The invention is explained in more detail below with the aid of a drawing. Show it:

• 1 a schematic sectional illustration of a first transmission unit according to a first exemplary embodiment, used in a partially illustrated drive train of a motor vehicle,
• 2 a diagram illustrating all through the gear unit of the 1 switchable gears,
• 3 a further schematic sectional view of a gear unit according to a second embodiment,
• 4th another diagram illustrating all through the gear unit of the 3 switchable gears,
• 5 a first schematic view of the state of charge of a charge storage device,
• 6th a first diagram to illustrate the operating modes in a state of charge corresponding to FIG 5 ,
• 7th a second schematic view of the state of charge of a charge storage device,
• 8th a second diagram to illustrate the operating modes with a state of charge corresponding to FIG 7th ,
• 9 a third schematic view of the state of charge of a charge storage device,
• 10 a third diagram to illustrate the operating modes with a state of charge corresponding to FIG 9 ,
• 11 a fourth schematic view of the state of charge of a charge storage device,
• 12th a schematic view of a control device and
• 13th a schematic view of a hybrid vehicle.

The figures are merely of a schematic nature and are only used for understanding the invention. The same elements are provided with the same reference symbols. In principle, the features of the various exemplary embodiments can be freely combined with one another.

In the 1 is a drive train with a gearbox 1 of a hybrid vehicle 3 clearly visible. The transmission used in this drive train 1 is realized as a hybrid transmission and alternatively also referred to as such. A preferred position of the gearbox 1 of the drive train is in the 13th in a schematically illustrated hybrid vehicle, here a car. It can be seen here that the transmission 1 with the drive train on a front axle of the hybrid vehicle 2 is used effectively and from an internal combustion engine 3 is applied with torque. the 1 also shows an electric motor 4th and a transmission output 5 of the transmission 1 .

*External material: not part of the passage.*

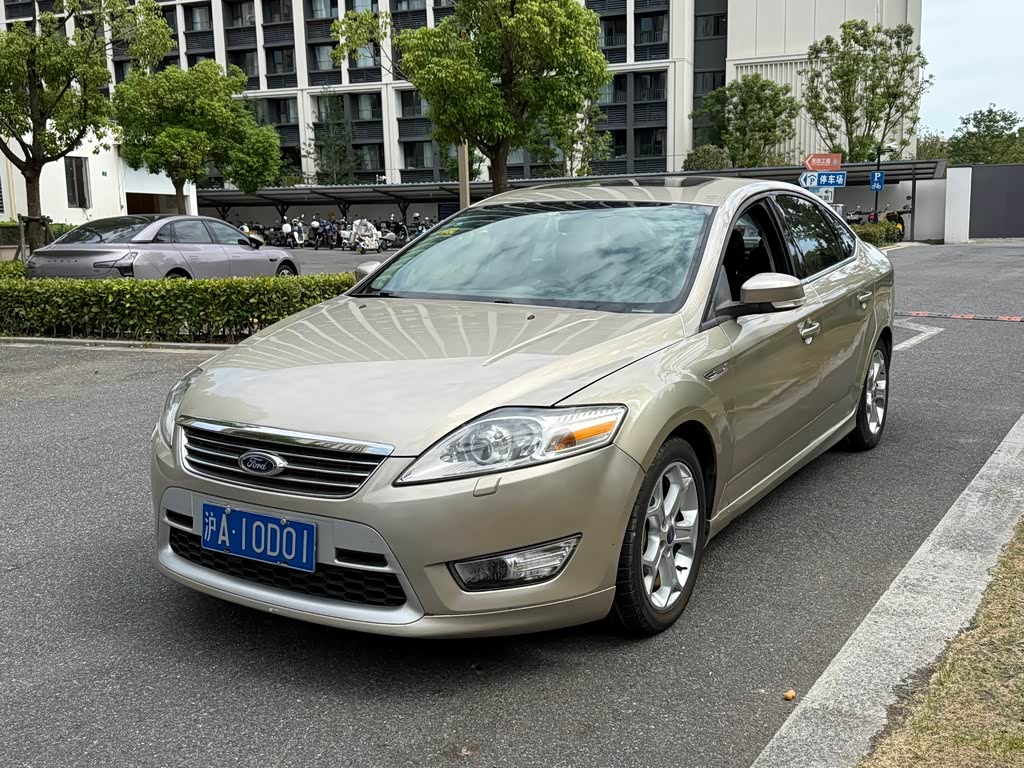 Ford Mondeo -
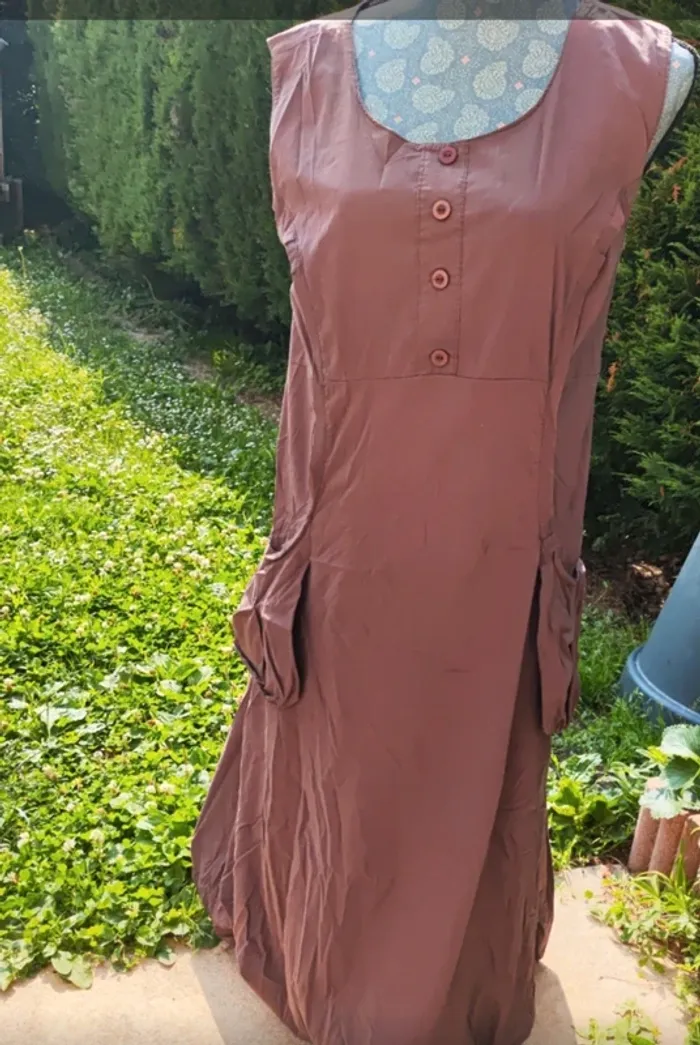 Robe bouffante bas taille 44 - photo numéro 7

According to the training as a hybrid transmission, the transmission 1 a two-stage planetary gear 6th as well as the electrical machine that is actively connected to this planetary gear 4th on. The basic structure of the transmission 1 is particularly good at 1 to recognize. Accordingly, the planetary gear 6th a first planetary gear set 6a on, which forms the first gear stage of the planetary gear and which is shown on the right, and a second planetary gear set 6b , which is the second stage of the planetary gear 6th forms and which is shown on the left.

The first planetary gear set 6a has a first sun gear 20th , a first planetary gear set 21 and a first ring gear 22nd on. The second planetary gear set 6b has a second sun gear 23 , a second planetary gear set 24 and a second ring gear 25th on. The planet gears of the first planetary gear set 21 are on the one hand with the first sun gear 20th , on the other hand with the first ring gear 22nd in mesh. The first planetary gear set 21 is with its individual (first) planet gears on a first planet carrier 26th rotatably arranged. The second planetary gear set 24 is with its individual (second) planet gears on a second planet carrier 27 rotatably arranged. The respective planetary gear sets 21 , 24 are each with the corresponding sun gear 20th , 23 and the corresponding ring gear 22nd , 25th in mesh.

It can be seen that the first sun gear 20th with the electric motor 4th Is rotatably connected and that the first ring gear 22nd with the second planetary gear set 24 is rotatably connected, this connection by a first switching mechanism 8a , here a brake B2, can be fixed to a housing fixed to the vehicle frame.

The second sun gear 23 of the second planetary gear set 6b is through a second switching mechanism 8b , here a brake B1, can in turn be fixed to the housing fixed to the vehicle frame.

The second planet carrier 27 is via a third switching mechanism 8c , here a clutch K2, with the internal combustion engine 3 non-rotatably connectable.

The electric machine 4th typically has a stator and a rotor mounted rotatably relative to the stator, the rotor being rotatably received within the stator. The rotor is rotationally fixed on a drive shaft of the electrical machine 4th attached, the drive shaft with its axis of rotation via a torque output component 28 to the first sun gear 20th is connected. Hence the electric machine 4th with the first sun gear 20th via the torque output component 28 effectively connected. In other versions is the electrical machine 4th with their stator / rotor unit also not necessarily coaxial with the central axis of rotation 28 arranged, but can, for example, with their torque output component 28 coaxial to the central axis of rotation 28 be arranged.
In 1 it can also be seen that in the gear unit 1 on the part of the internal combustion engine 3 basically a torsional vibration damper 30th can be integrated. The torsional vibration damper 30th is here between the output shaft of the internal combustion engine 3 and the input of the gearbox 1 arranged. The torsional vibration damper 30th can in principle as part of the transmission 1 or be arranged as a separate component and, for example, be designed as a two-mass flywheel or as a hydrodynamic damper.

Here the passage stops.